Мельхиоров помолчал и заметил:

— Сдается, я снова попал в пересменку.

— И слава Богу.

Он возразил:

— Ты ошибаешься. Совсем тебе не нужно давить свою плодовитую природу и дарованные ею возможности. Противоестественно, неблагодарно и бессмысленно. Оттого и хандришь.

Я непроизвольно пожаловался:

— Учитель, я никому не нужен.

— Опять ошибся. Ты нужен мне, — торжественно сказал Мельхиоров. — Ежели у тебя есть время, я изложу свое дохлое дело.

Дело действительно было дохлым. Всю свою многолетнюю жизнь вместе с доблестной Раисой Васильевной Мельхиоров провел в коммунальном террариуме в обществе десяти семей. Пришел его срок улучшить условия, и терпеливый очередник надеялся, что получит квартиру.

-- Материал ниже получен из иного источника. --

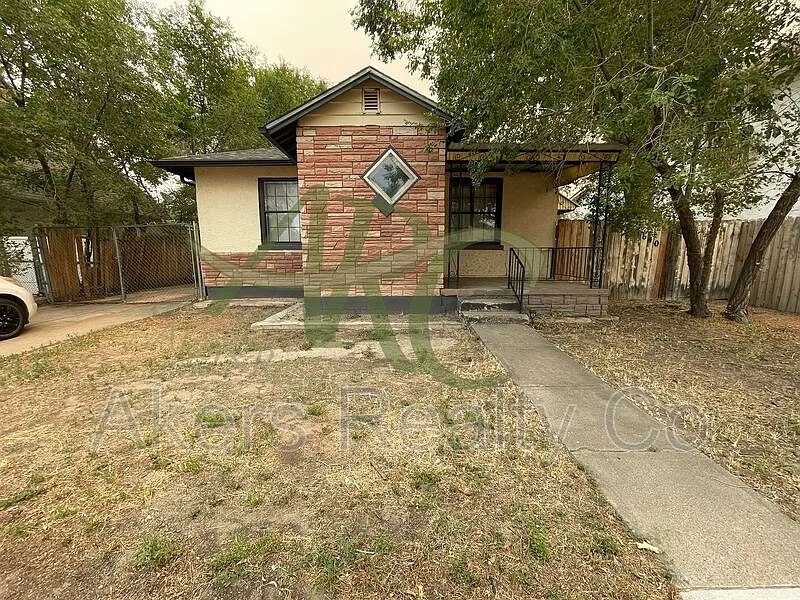 1640 E Orman Ave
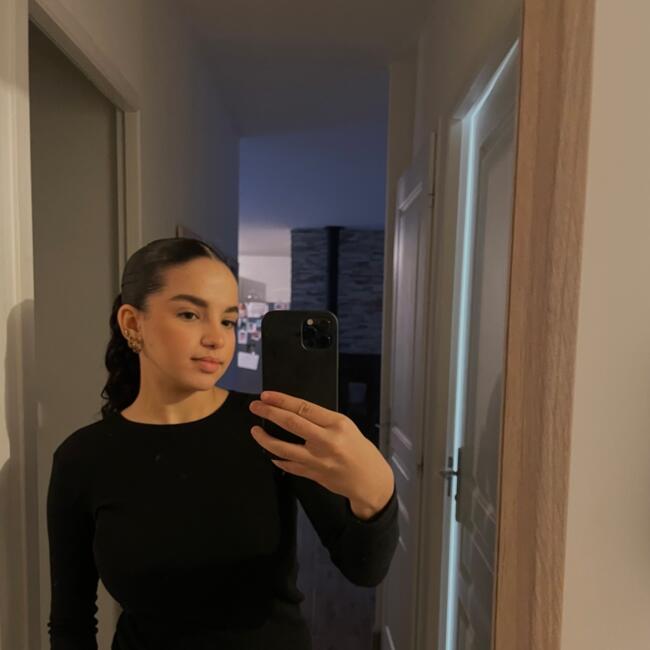 Babysitter in Toulouse: Ines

— Мои заслуги на шахматной ниве давали мне право на эту мечту, но депутатская комиссия ее умерщвила и закопала. Оставь надежду туда входящий! В сравнении с депутатской комиссией барак усиленного режима — навеки потерянный парадиз.

Хрипловатый мельхиоровский голос уже обретал трубную звучность. Не за горами был львиный рык.

— Я был анафемски предупредителен. Со мною рядом был мой ходатай, пламенный почитатель Каиссы, Аркадий Данилович Шлагбаум, доктор наук и лауреат. Личность настолько почитаемая, что власти в знак особой любви хотели даже дать ему членство в Антисионистском комитете. Намеренье не было реализовано, ибо по странному совпадению Шлагбаума стало сильно тошнить вплоть до резей и острых колик в желудке.